Op de terugweg naar huis liep ik samen met mijn baasje James tegemoet. James is een klein zwart, mager reutje van een ondefinieerbaar ras waar ik stiekem en soms ook openlijk erg verliefd op ben. Gelukkig is het wederzijds en vindt hij mij ook heel leuk. Samen zijn we heel druk, normaal gesproken dan, want nu keek James mij aan alsof hij mij niet eerder had gezien. Staartje tussen de benen, hoofdje naar beneden. Geen enthousiasme, geen vriendelijk gezwaai.
Ik liet mij niet kennen en gooide direct mijn kont in de strijd. Een full bodycheck tegen James zijn lijf leverde ook niet het gewenste resultaat op. Dus dan maar klemmen, dacht ik, dan komt hij wel in actie. Maar geen sjoege, geen reactie, totdat ik in mijn ooghoeken James zie staren naar mijn riem. Beter gezegd, zie staren naar mijn fluffy die aan het einde van mijn riem bungelt. Voordat ik er erg in had, had James mijn fluffy in zijn bakkes. Kaken op elkaar en gaan met die banaan.
James zette het op een lopen. Eerst zachtjes maar daarna steeds harder. Met mijn fluffy in zijn bek, aan mijn riem en mijn riem zat vast aan mijn halsband. En daar ging ik. Ik had geen keus. Ontvoerd door mijn vriend James. Hij trok zo hard aan fluf, dus aan mijn riem en dus aan mij dat ik niets anders kon bedenken dan er hard achter aan te rennen. Niet omdat ik wilde, maar omdat ik moest.

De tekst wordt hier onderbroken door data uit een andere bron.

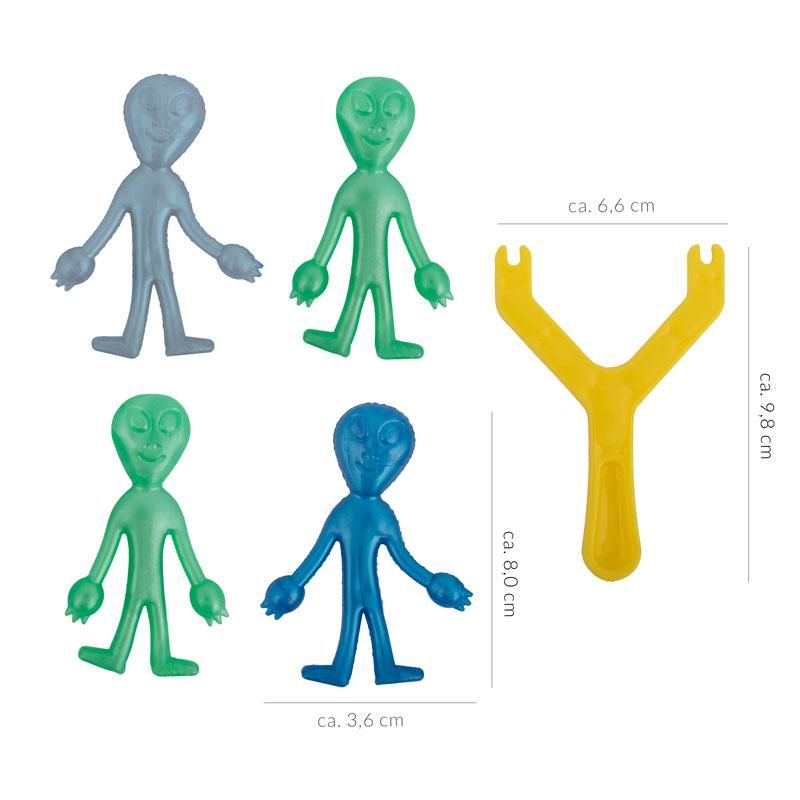 SPACE ADVENTURE ALIEN-SCHLEUDER 3-TEILIG, 2-FACH SORTIERT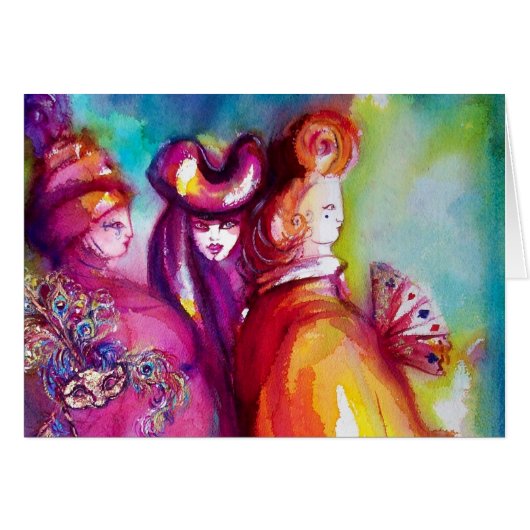 DERDE MASKER/VENTIETISCHE MASKERADE (Voorkant Horizontaal)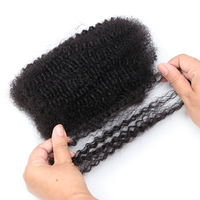 Extensions de cheveux brésiliens Remy Afro Kinky en vrac pour la réparation de dreadlocks et de locs, tressage torsadé avec trame simple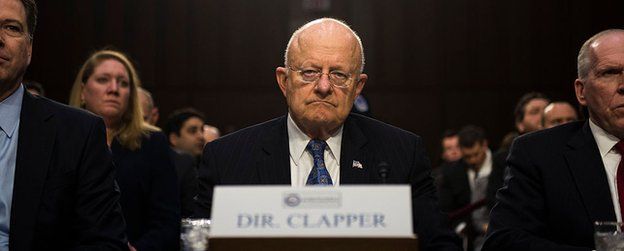 Director of National Intelligence James Clapper waits for the Senate (Select) Intelligence Committee hearing to begin in Washington, DC.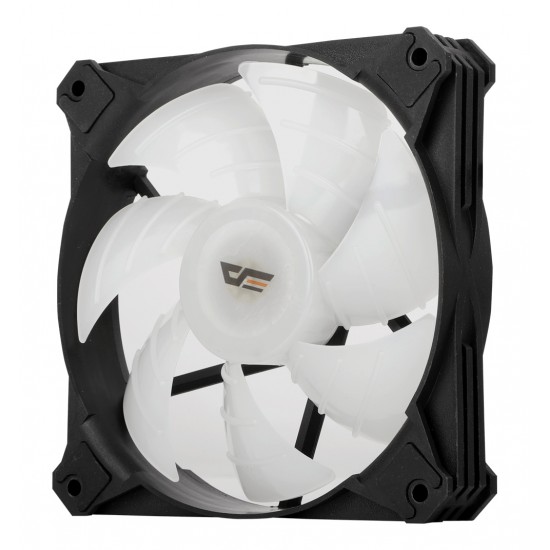 DARKFLASH TWISTER ARGB DX240 LIGHT STRIP DESIGN 1800 RPM ALL-IN-ONE 240MM LIQUID CPU COOLER - BLACK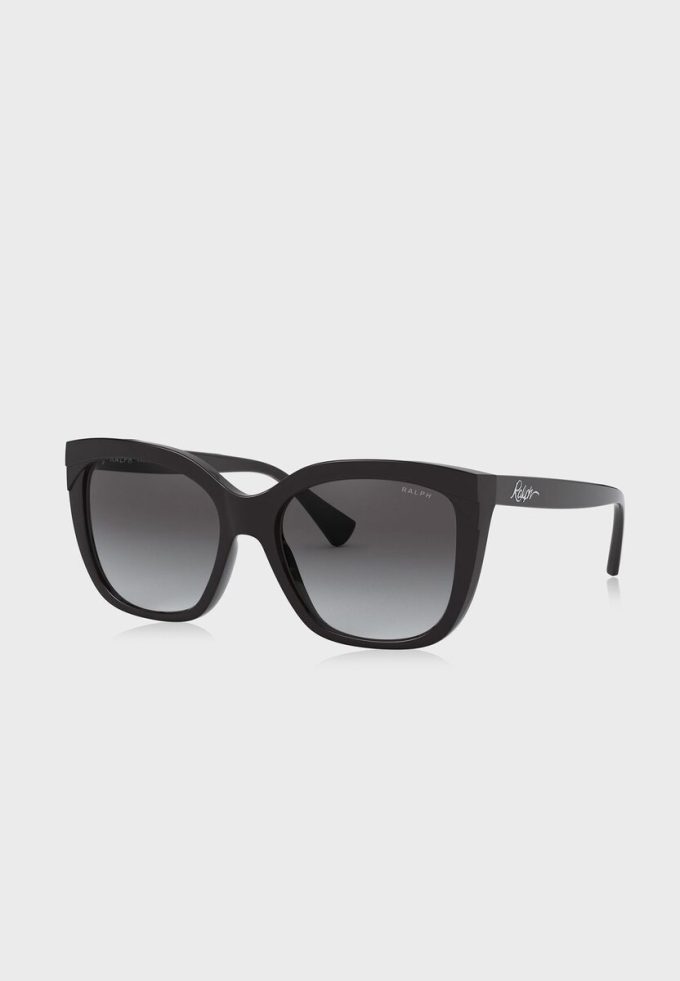 Schwarze Ralph Lauren 0RA5265 Sonnenbrille mit Rahmen für Damen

Noodgedwongen ging ik achter James aan door de straten van mijn dorp. Mijn baasje lag weer eens dubbel van het lachen en moest eerst haar camera in stelling brengen voordat zij mij kwam redden want het werd een steeds serieuzere zaak. James wilde namelijk naar zijn huis, met mijn fluf, aan mijn riem, dus aan mij. En natuurlijk vind ik James leuk maar om nu permanent bij hem te wonen is een andere zaak. Ik was net weer blij dat ik bij mijn baasje kon blijven zonder al te veel gedoe. En nu werd ik dan zomaar ontvoerd.
James is gevangen, de fluf is uit zijn bek gepulkt. Ik zit op adem te komen en mijn baasje moet een schone onderbroek aan. Het leven van een boxer loopt ook nooit over rozen.